Ambiguous Drafting can Cause Expensive Litigation

What’s the meaning of a sentence in a Trust or a Will? once the ink is dry on the paper, the document is expected to “speak for itself” without the need to hunt for external evidence to understand the meaning of the words. A recent case called In the Trust of Roger S. Linn, decided by the Nebraska Supreme Court, illustrates the problems caused by ambiguous drafting.

Roger Linn had established a trust for benefit of his wife Shirley, and his children were the remainder beneficiaries. At a certain point after his death, Shirley moved to an assisted living facility. The Trust document required  the Trustees to pay all income to Shirley, but distribution of principal was within the Trustee’s sole discretion. The trust document specified in Article V.10(f) that the trustees had to pay “any obligations that the Donor’s spouse may incur in acquiring assisted living or nursing home care.” The Trustees paid the down payments and move-in fees to “acquire” the apartment within the assisted living facility, but they refused to pay for the ongoing monthly costs for Shirley to live there. That led to this litigation. Each side argued that the Trust was unambiguous and supported their position. The Trial court (District Court) found that the Trust was clear – unambiguous — and that it did not obligate the Trustees to pay for the ongoing costs. The Supreme Court ruled that the language was actually unclear – ambiguous — and remanded for a trial to determine the intent of Mr. Linn.
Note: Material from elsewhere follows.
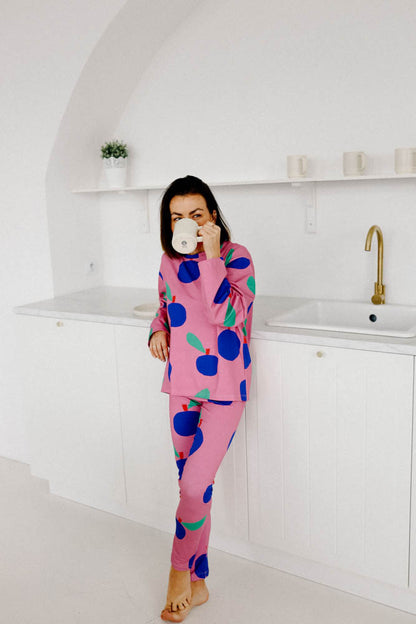 BLUE APPLE -  LEGGINGS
Similar cases have occurred in New Jersey, and the standards are similar – the Court looks first to the express words of the document read in conjunction with the document as a whole to arrive at their natural meaning, and seeks to determine the intention of the Trust’s creator in that manner first, before turning to extrinsic evidence. There is a state statute about this — N.J.S.A. 3B:3–33.1(b), which says that the trust’s language and statutory rules of construction control “unless the probable intent of such settlor or of such individual, as indicated by the trust or by such governing instrument and relevant circumstances, is contrary.”  A recent New Jersey case with this problem was In re the Trust of Violet Nelson (2018).  However, as with all litigation, it’s expensive for everyone involved.

Sometimes it’s necessary to draft the language with many more words or sentences to achieve clarity. Always, the draft should be reviewed from the perspective of someone reading it years down the road when all that one can depend on is the words themselves. Will the plain intention be clear? That’s the test of a well-written document.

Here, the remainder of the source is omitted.